That's it for today. Thanks for visiting. Wishing you a restful and relaxing weekend too.
"We are what we repeatedly do. Excellence, therefore is not an act, but a habit." -Aristotle
1-2-3 Come Do Some Pumpkin Craftivities With Me
Quite a few of my most popular downloads are those that involve a hands-on craft. With all of the standards we have to teach, I realize that many teachers don't feel that they have any time left in their day for the "fun" things they used to do.
With that in mind, I try to incorporate some standards in the crafts that I design, thus the name "craftivities". I decided to feature A Baker's Dozen of my all-time favorite pumpkin craftivities in this article, since the number 13 can certainly be associated with Halloween. Although I've used the term a baker's dozen for years, I didn't know why it came about. If you're curious too, click on the link.
Since Apple Sense was such a huge hit, I decided to make a Pumpkin Sense one. This is a quick, easy and fun way to review the 5 senses, as well as work on the importance of adjectives in descriptive writing.
Having a carved class pumpkin isn't necessary, but really helps. Adding a hand print leaf and photo adds that finishing touch.
Another writing craftivity is the Personal Pumpkin Patch Craft.Family relationship names, (mom, dad, sister, brother etc.) are a part of most teacher's word walls, so I wanted to think of something that would tie into building that vocabulary.
Via a note home to parents, which is included in the packet, you'll have the personal information needed to help your kiddo's make a personal pumpkin.
There are also family word cards that you can use in a pocket chart or for flashcards, plus several worksheets and a Tally Time activity with math extensions.
Pumpkins In The News reinforces the letter Pp, and has a variety of writing options as well. Students find and cut out shapes to make a pumpkin face, as well as letters that spell their name. These will be used for the pumpkin's smile. They can also search for all of the letter Pps on their pumpkin and circle them.

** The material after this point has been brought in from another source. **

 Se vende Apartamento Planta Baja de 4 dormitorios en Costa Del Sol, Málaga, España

For writing practice, younger students trace and write the Pp is for pumpkin worksheet and glue it to the back of their pumpkin. Brainstorm with older students of why pumpkins might be in the news. They choose a topic and then write about it on the pumpkin template, trim and then glue to the back of their newsprint pumpkin.
Punch a hole in the stem and suspend from the ceiling. There's also a pattern for a class-made book entitled: The Case Of The Missing Pumpkins.

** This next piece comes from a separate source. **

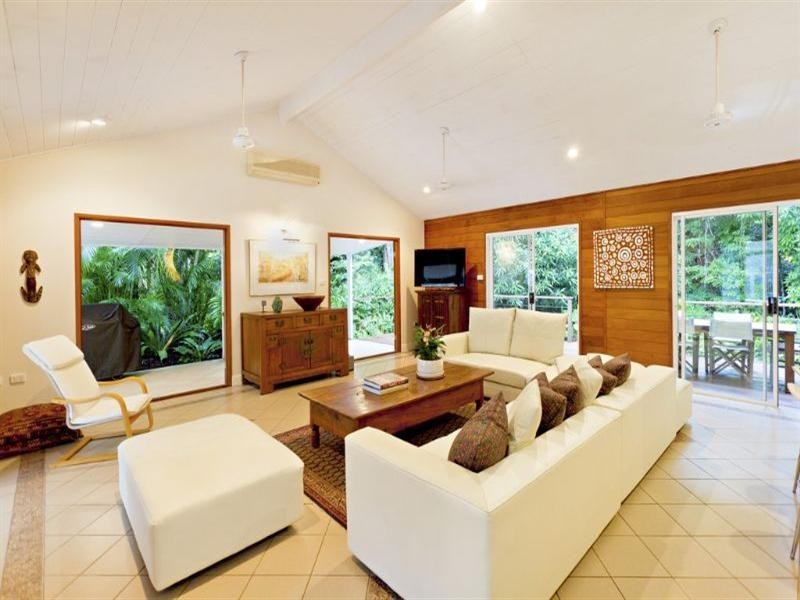 29 Gibson Close, Clifton Beach QLD 4879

The Shapely Pumpkin Packet reviews 2D shapes and includes a spinner game and worksheet. Sponge painting is a super-fun, non-messy way for little ones to paint with awesome results.
I've been doing the Peekin' In A Pumpkin for 15 years. It also reviews shapes, as a Jack-O-Lantern face is on the front. The "guts" of the pumpkin are on the other side.
I put a dollop of Elmer's glue with a bit of yellow paint in the middle and let my students swirl it around with a Q-tip, then glue bits of yarn and real pumpkin seeds on, for an awesome result.
Add a bit of science to your day with the Life Cycle Of A Pumpkin Craftivity. There are 3 options for this cute pumpkin bowl craft.
You can review 2D shapes and have students draw a Jack-O-Lantern face on the back, or you can teach some pumpkin facts with the pumpkins ARE, HAVE, CAN writing prompt; (I've included a completed sample.) or you can explain the life cycle of a pumpkin, and have students color, trim and glue that circle to the back of their pumpkin bowl.
Curling ribbon and a child's hand print leaf add the finishing touches. These look terrific suspended from the ceiling too.
The Triple Play Pumpkin also has 3 options.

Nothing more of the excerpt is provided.